**Problem**
From the line containing "HONDA ACCORD 2011 - 1HGCP2E37BA086137" to the last line of the data, both included, transcribe each line exactly, leaving out pictures and adding nothing.

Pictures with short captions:
● ● ● ● ●
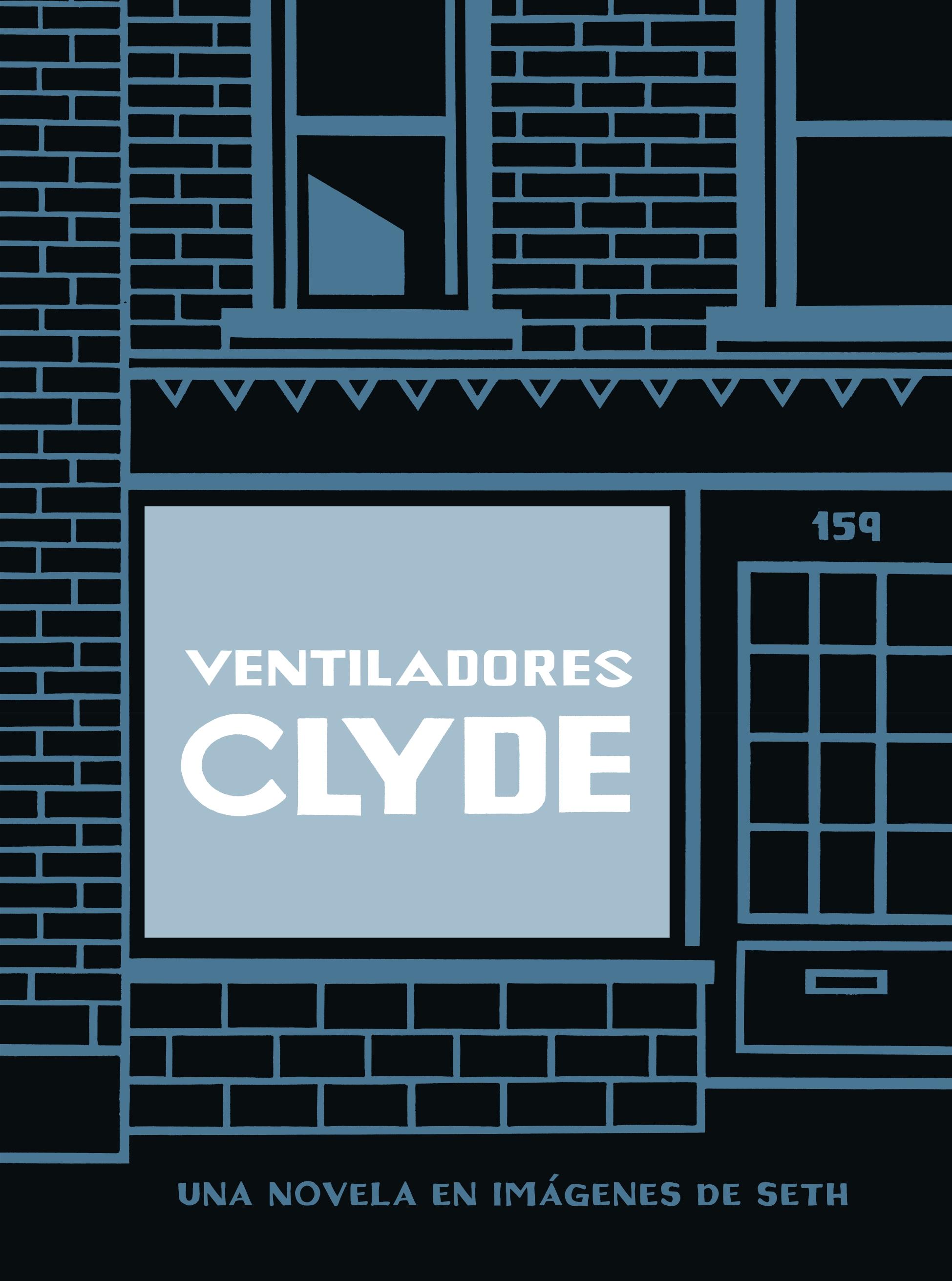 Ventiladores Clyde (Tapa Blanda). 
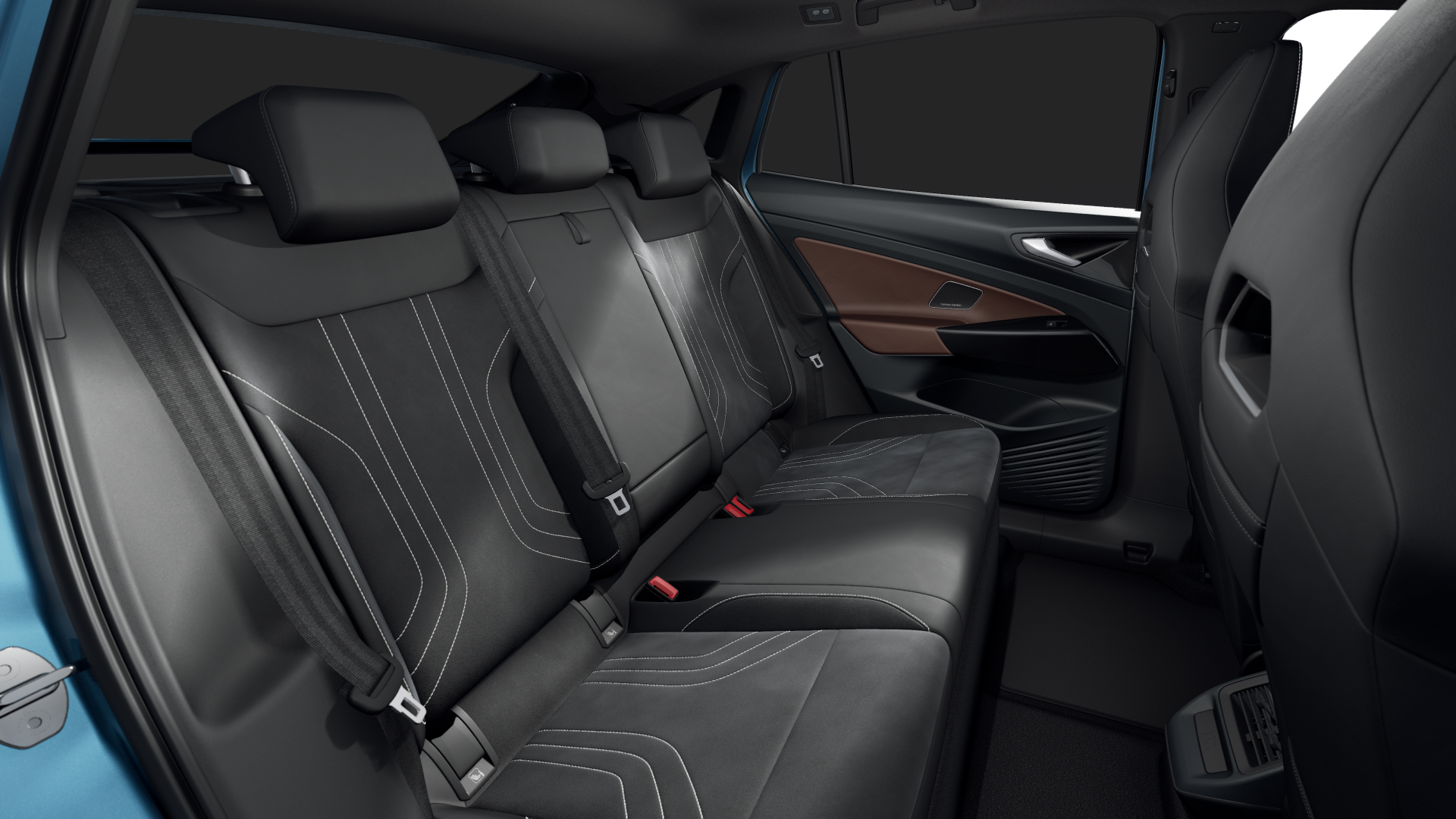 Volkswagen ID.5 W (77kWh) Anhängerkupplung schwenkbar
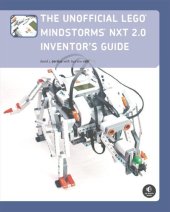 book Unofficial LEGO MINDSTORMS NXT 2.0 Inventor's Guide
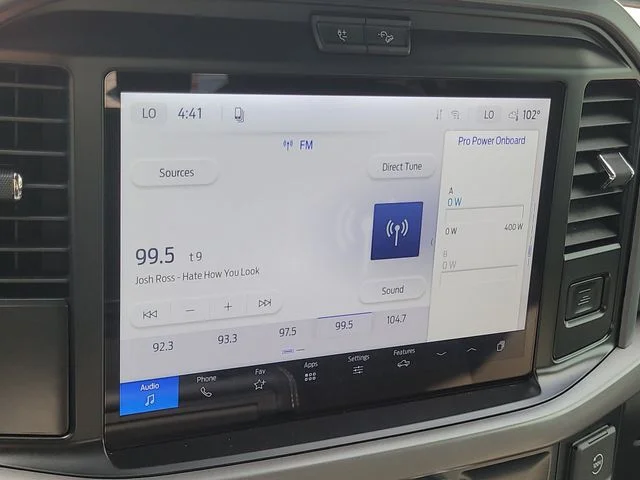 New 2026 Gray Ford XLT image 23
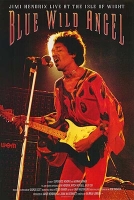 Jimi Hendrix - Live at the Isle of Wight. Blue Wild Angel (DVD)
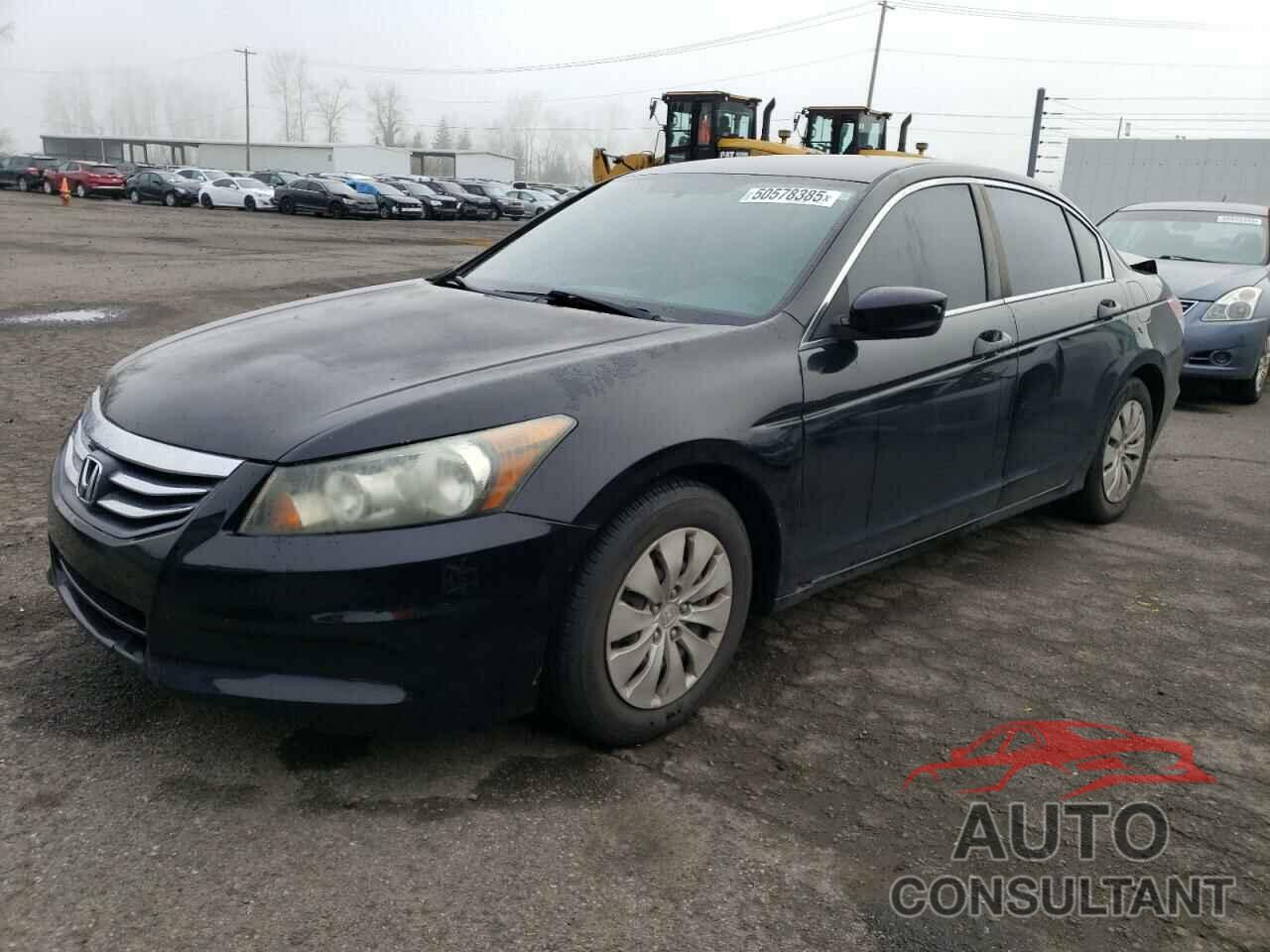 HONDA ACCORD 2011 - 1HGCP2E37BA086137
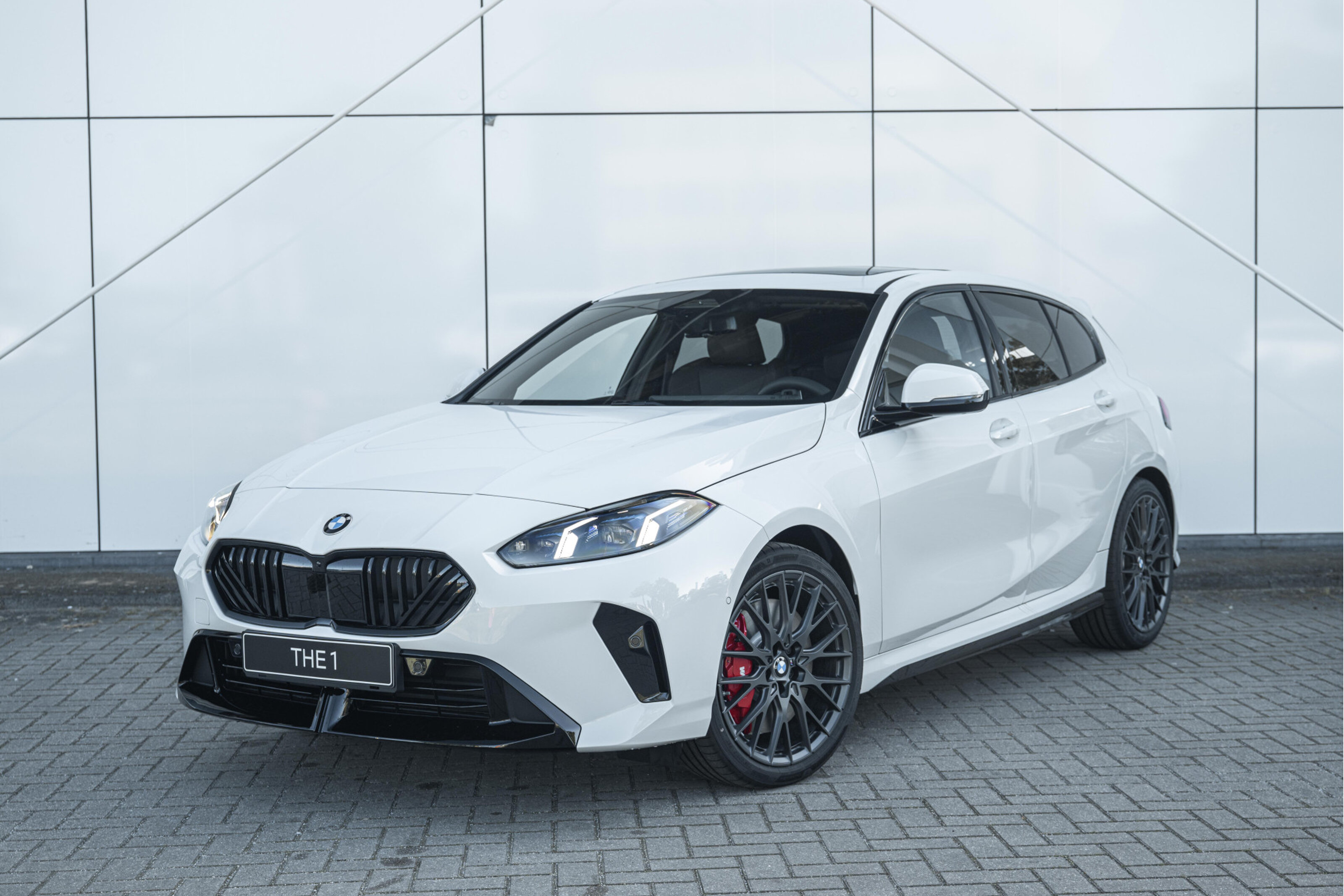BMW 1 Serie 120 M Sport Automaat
● ● ● ● ●
**Reply to the exercise**
 HONDA ACCORD 2011 - 1HGCP2E37BA086137
BMW 1 Serie 120 M Sport Automaat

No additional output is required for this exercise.